Monday, 23 May 2011

PASTA WITH SAUSAGE AND BLUE CHEESE, EPIRUS STYLE




























I came across this recipe on the Saveur website. A little more than a year ago, Saveur magazine published a "Greek Food" issue. I would have purchased it, except I didn't find out about it until months later; I missed out! However, most of the articles and recipes are now on the Internet and trust me, I checked them out thoroughly. 

This pasta with blue cheese is a recipe I was not familiar with, so I decided to try it. It's pasta and sausage in a creamy blue cheese sauce, and it's flavoured with lots of fresh oregano. I found that the tangy-tasting blue cheese brought a nice kick to the dish, complementing the sausage very well.

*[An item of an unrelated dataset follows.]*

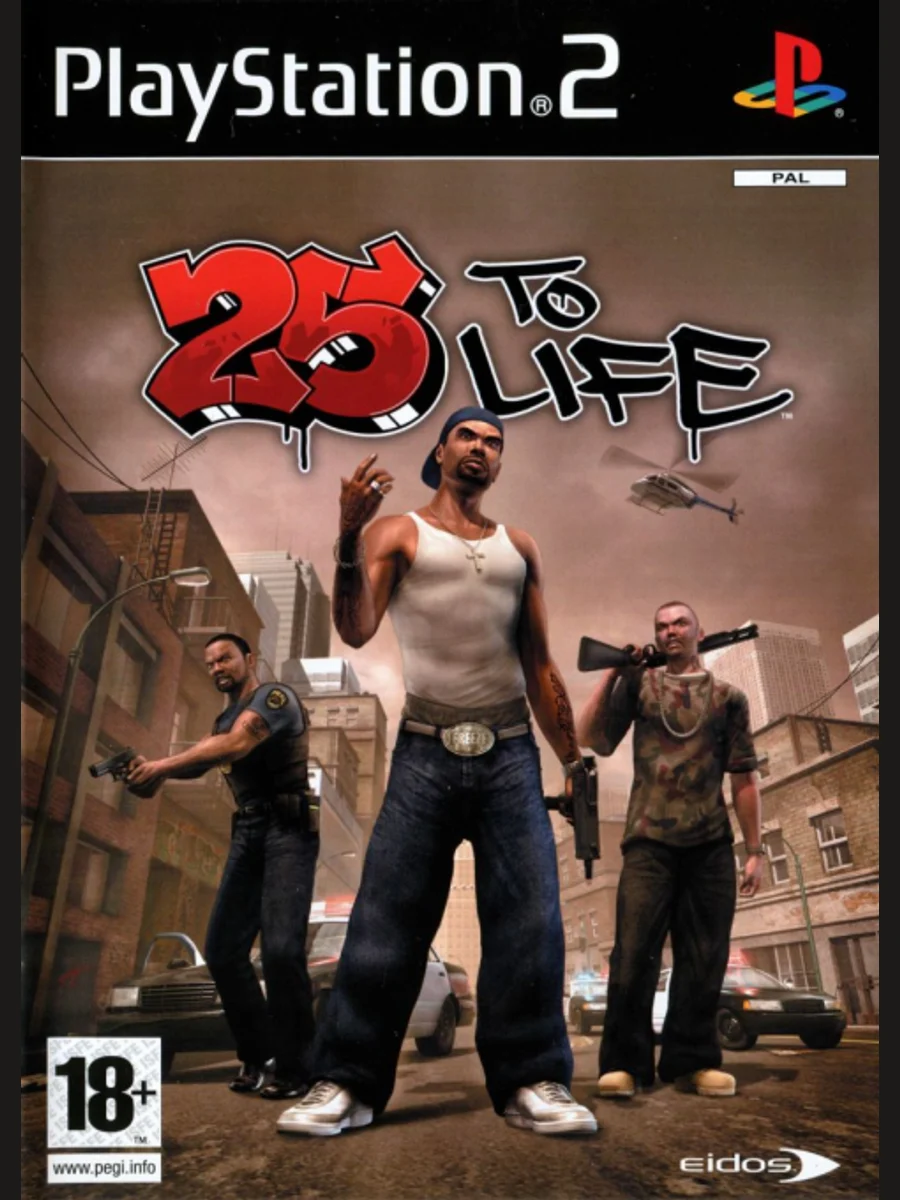 Jaquette face 25 to Life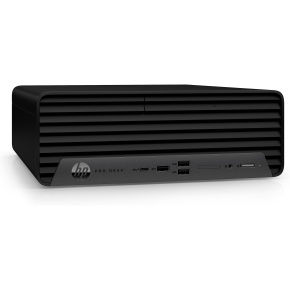 HP PC Pro SFF 400G9 i3-13100, 1x8 GB, 512GB M.2 NVMe, Intel HD DP+HDMI, usb kl. myš, 240W platinum, Win11Pro, 3y onsite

As for the sausage, if you're lucky enough to find Greek sausage, use it. Each Greek region has its own sausage recipes, but generally, most contain pork and lamb and are flavoured with fennel seed, orange peel, garlic, leeks, and wine. If you can't find Greek sausage, substitute with an Italian one, or any other type that you enjoy. Try not to use a variety that's heavily seasoned; allow the kick in this recipe to come from the blue cheese. (Alternatively, you can omit the sausage and turn this into an excellent vegetarian dish)!  

The native name for this recipe is "Makaronia me loukanika kai tyri," which literally translates to "pasta with sausages and cheese." It hails from the province of Epirus, which is a mountainous region in  Northwestern Greece. The shores of Epirus rest on the Ionian Sea, and right across the sea, only a short ferryboat ride away is Italy. Ioannina, a city with a history that dates as far back as 700 CE, is the capital of the province of Epirus. I imagine that this recipe was created in Ioannina or its surroundings because it includes the addition of blue cheese, which is not a traditional Greek-type cheese. The city has always been a busy trading centre so I can see how foreign traders could have introduced the locals to blue cheese. 

Currently, near Ioannina, there is a cheese cooperative that specializes in making Italian and other types of European cheeses. Dairy production, especially cheese making, is a big business in the area.

From a postcard, a lakeshore view of the city of Ioannina surrounded by the Pindos mountain range. 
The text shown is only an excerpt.